Recently, I was sent a phishing email at work. This one was not from a malicious hacker, though. It was sent internally to teach employees the scary dangers of opening “untrustworthy” emails. Oh the humanity! However, this email didn’t really have to do with phishing – it just contained a link to a supposed tracking number of a package that I didn’t order.
If you didn’t know, phishing is the act of trying to “fish” for information from people by posing as credible sources. Most of us know how to avoid Nigerian Princes and Russian Brides, but there are legitimate scams out there. The important thing to keep in mind is to always check your URLs for misspelled/questionable links and to never give out any personal information. Back to the story, this is where things get interesting.

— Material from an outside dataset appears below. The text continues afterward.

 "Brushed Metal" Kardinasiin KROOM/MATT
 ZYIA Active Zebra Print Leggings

It seems that the company that sent me this email also sent emails to my coworkers as well (this makes sense, and isn’t too weird). Yet by sending out multiple emails, we could see that the email’s URLs have a distinct pattern:
With the irony surmounting, let’s just say that it’s fairly easy to deduce that the query takes base 16 values: 0-9 or a-f. This means that there are 16 possible combinations per spot, leading to 16^6 possible choices or 16,777,216 possible values. While this sounds like a lot of combinations for most people, it’s a fairly easy number for computers to crack. Even worse, these query variations don’t only lead to internal personalized webpages, but they also lead to external companies!

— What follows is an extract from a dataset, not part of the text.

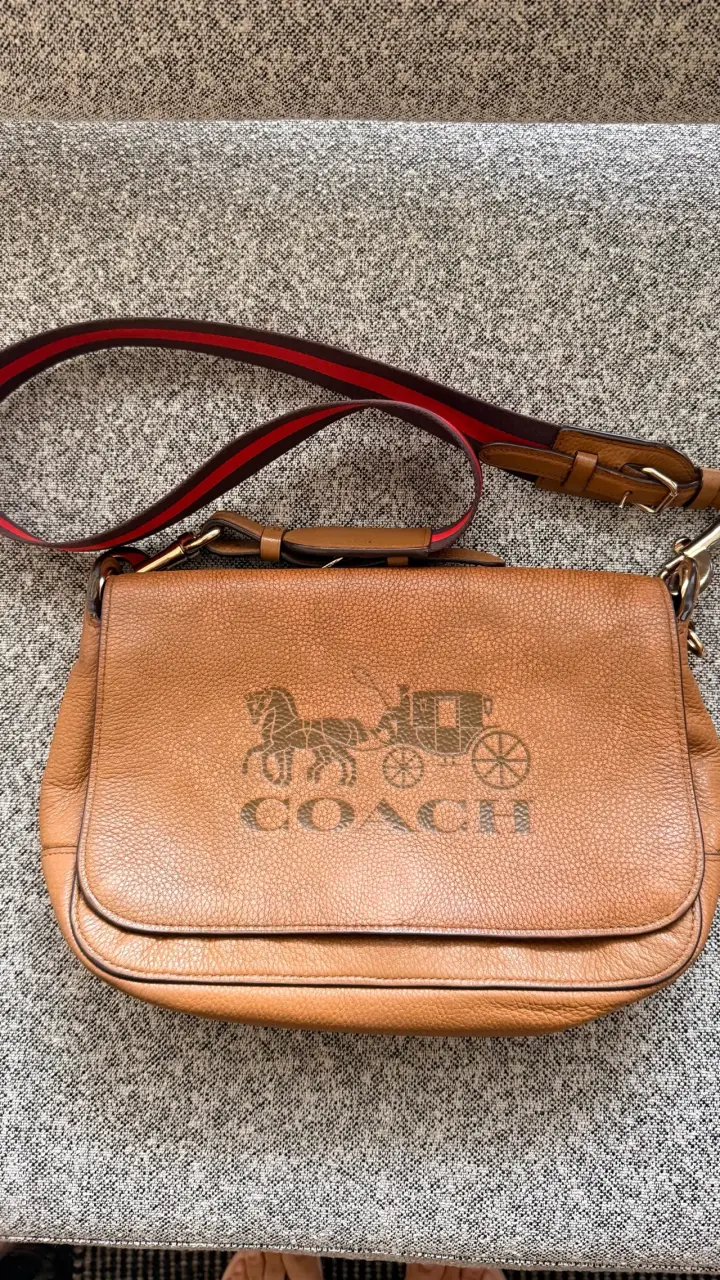 Cartera de cuero Coach marrón con correa ajustable - 1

From the banking industry, to the entertainment industry, to consultants, we’re able to see which companies are using this service – and by extension, how many emails are being sent to each company. For a security company, this doesn’t seem like a very secure practice. Especially because it can be easily remedied. For example, changing to an 8 character code leads to approximately 4 billion additional combinations. A 16 character code (abcd12345678efef for example) allows for 18,446,744,073,709,552,000 combinations! Clearly, it doesn’t take that much additional effort to generate a random number that’s hidden within a larger code, thus protecting customer privacy. Though it should go without saying, do your part when protecting the identity of your customers, don’t group them all together in tiny clusters.